Starting later this year, a team led by researchers from Asia will survey the glaciers twice a year and use satellite measurements to look for changes in mass balance — the sum of the snowfall that builds up the glaciers and the melting that shrinks them.

The study sites have been chosen to help tease apart the key factors in a glacier’s fate — such as elevation, topography, geographical setting, climate and the type of debris that covers the ice. “The flagship glaciers are pieces of the puzzle of climate responses on the Third Pole,” says Yao Tandong, director of the Chinese Academy of Sciences’ Institute of Tibetan Plateau Research (ITP) in Beijing, and chairman of the TPE’s science committee. Using standardized methods at each site, the team hopes to discern how glaciers in different parts of the Third Pole are responding, and what is driving the changes. The team will put the information collected during the study into a public database after a proprietary period of a couple of years, says Yao.

A 2007 report from the Intergovernmental Panel on Climate Change projected that Himalayan glaciers could disappear as early as 2035 — but that claim turned out to be baseless. “The exact health status of the glaciers is still an unsettled issue,” says Shresth Tayal, a glaciologist at the Energy and Resources Institute in New Delhi. Researchers currently tend to rely on satellite measurements of the region’s glaciers to keep tabs on the glaciers’ surface areas and end points. “This can be misleading,” says Tian Lide, a glaciologist at the ITP, who has been conducting field measurements of glacier mass balance for two decades. “Some glaciers may have the same or even increased surface area but are in fact thinning.”

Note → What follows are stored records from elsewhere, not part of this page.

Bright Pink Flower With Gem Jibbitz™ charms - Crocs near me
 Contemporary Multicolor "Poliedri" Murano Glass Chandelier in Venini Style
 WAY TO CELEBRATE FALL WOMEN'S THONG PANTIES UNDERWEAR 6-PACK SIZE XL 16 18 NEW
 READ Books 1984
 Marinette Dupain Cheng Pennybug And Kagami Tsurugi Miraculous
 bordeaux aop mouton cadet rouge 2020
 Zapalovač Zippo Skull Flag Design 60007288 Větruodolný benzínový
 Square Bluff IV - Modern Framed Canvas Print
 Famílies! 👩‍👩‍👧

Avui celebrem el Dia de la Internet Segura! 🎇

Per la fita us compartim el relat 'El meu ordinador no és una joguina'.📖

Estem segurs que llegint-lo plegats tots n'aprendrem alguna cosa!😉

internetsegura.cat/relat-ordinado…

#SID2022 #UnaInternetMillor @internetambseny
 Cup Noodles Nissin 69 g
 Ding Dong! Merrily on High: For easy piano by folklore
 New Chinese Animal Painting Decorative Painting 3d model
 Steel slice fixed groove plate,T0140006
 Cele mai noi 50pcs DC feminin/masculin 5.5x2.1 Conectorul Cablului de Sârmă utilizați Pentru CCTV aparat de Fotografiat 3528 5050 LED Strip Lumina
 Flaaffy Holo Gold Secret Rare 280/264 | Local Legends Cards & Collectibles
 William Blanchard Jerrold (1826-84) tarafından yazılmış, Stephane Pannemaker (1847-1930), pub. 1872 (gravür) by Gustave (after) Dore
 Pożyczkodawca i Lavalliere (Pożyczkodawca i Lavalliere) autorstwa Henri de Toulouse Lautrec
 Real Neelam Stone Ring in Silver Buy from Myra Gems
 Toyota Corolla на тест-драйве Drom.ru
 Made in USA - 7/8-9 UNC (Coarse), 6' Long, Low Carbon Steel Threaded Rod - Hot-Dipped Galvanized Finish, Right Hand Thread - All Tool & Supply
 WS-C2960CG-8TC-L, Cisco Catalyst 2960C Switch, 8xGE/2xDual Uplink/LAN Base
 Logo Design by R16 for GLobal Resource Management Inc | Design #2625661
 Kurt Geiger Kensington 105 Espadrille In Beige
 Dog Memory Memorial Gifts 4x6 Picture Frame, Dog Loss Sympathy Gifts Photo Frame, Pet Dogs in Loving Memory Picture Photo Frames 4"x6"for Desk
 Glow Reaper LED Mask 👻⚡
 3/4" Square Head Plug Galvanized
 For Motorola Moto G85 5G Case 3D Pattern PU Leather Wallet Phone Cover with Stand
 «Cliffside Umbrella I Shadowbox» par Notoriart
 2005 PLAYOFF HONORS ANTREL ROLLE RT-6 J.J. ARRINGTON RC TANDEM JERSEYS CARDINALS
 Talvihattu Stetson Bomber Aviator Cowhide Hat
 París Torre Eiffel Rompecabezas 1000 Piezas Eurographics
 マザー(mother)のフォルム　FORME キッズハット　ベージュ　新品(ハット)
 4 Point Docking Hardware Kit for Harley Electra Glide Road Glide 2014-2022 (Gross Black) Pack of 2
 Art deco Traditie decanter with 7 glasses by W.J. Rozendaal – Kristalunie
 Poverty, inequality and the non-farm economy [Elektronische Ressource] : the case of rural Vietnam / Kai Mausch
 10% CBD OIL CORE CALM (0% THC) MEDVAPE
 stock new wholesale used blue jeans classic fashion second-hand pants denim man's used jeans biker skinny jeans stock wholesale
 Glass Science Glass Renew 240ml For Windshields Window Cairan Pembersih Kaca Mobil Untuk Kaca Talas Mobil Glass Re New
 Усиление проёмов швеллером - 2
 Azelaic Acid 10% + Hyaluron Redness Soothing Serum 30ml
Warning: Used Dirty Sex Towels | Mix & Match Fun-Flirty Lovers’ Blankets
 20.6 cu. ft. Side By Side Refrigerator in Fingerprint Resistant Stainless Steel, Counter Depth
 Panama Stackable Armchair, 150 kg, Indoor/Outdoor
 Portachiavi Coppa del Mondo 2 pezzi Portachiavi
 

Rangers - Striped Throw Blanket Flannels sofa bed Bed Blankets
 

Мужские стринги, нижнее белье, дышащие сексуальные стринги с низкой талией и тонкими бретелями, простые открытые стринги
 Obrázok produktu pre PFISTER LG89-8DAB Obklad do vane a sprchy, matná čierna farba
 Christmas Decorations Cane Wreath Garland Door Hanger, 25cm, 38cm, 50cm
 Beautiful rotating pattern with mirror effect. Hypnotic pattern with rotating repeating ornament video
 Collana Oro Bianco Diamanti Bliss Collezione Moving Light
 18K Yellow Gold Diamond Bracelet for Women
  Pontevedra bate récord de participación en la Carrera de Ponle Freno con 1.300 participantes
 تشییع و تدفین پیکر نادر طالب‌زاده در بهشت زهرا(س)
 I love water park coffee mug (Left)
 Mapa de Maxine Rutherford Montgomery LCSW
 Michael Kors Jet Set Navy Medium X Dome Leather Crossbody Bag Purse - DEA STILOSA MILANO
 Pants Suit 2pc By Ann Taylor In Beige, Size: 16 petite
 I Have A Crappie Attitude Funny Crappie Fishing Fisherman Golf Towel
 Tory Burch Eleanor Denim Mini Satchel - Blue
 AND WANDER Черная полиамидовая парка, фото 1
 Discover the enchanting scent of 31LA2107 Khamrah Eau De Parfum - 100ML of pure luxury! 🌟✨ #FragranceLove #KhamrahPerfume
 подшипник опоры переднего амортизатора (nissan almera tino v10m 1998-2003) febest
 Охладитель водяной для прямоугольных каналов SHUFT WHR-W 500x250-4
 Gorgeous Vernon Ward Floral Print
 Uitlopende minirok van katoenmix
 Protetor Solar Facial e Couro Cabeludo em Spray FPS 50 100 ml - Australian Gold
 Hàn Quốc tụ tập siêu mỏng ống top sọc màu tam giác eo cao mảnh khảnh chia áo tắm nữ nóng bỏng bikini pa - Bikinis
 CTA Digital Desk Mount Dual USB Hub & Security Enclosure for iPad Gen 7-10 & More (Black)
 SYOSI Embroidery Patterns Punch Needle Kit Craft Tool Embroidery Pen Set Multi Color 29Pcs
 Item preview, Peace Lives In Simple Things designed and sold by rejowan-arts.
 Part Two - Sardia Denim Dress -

A 2010 study using measurements taken by the Gravity Recovery and Climate Experiment (GRACE) satellite mission indicated that the Third Pole is shedding roughly 50 gigatonnes of ice per year1. And an unpublished inventory of Tibetan glaciers led by Liu Shiyin at the Cold and Arid Regions Environmental and Engineering Research Institute in Lanzhou, China, shows that more than 70% of the glaciers on the Tibetan plateau are retreating. But an analysis2 this year of GRACE data suggests that overall, high-altitude Asian glaciers are losing ice only one-tenth as fast as the previous estimates, and that those in the Tibetan Plateau are actually growing on average.

High-stakes data

Yet many glaciologists are sceptical about the latest GRACE results. “When satellite data are in stark contrast to what many glaciologists have experienced through decades of field research, one must question their validity,” says Pradeep Mool, a remote-sensing expert at the International Centre for Integrated Mountain Development in Kathmandu, Nepal.

Detailed analyses of 25 glaciers will not settle the controversy, but “they’re a good starting point”, says glaciologist Koji Fujita at Nagoya University in Japan. As well as assessing mass balance, the team will set up several comprehensive observatories to monitor the weather and solar radiation and measure properties of the snow, soil and ice, says Daqing Yang, a hydrologist at Environment Canada in Gatineau, who is involved in the study. It will also test methods for measuring snow amounts at high elevations — “a missing but badly needed piece of information in mountain research”, says Yang.

Imtiaz Rangwala, a climatologist at Rutgers University in New Brunswick, New Jersey, who is not involved in the TPE, says that the stations may help to resolve a pressing problem about climate change in high regions. Many climate simulations suggest that higher elevations will warm faster than lower ones, but Rangwala and his colleague James Miller reported last month that many mountain regions do not follow such a clear pattern3. The campaign, he says “will bridge a major knowledge gap in mountain research, especially at a time when high-elevation observatory stations elsewhere are at risk of being closed down due to lack of funding”.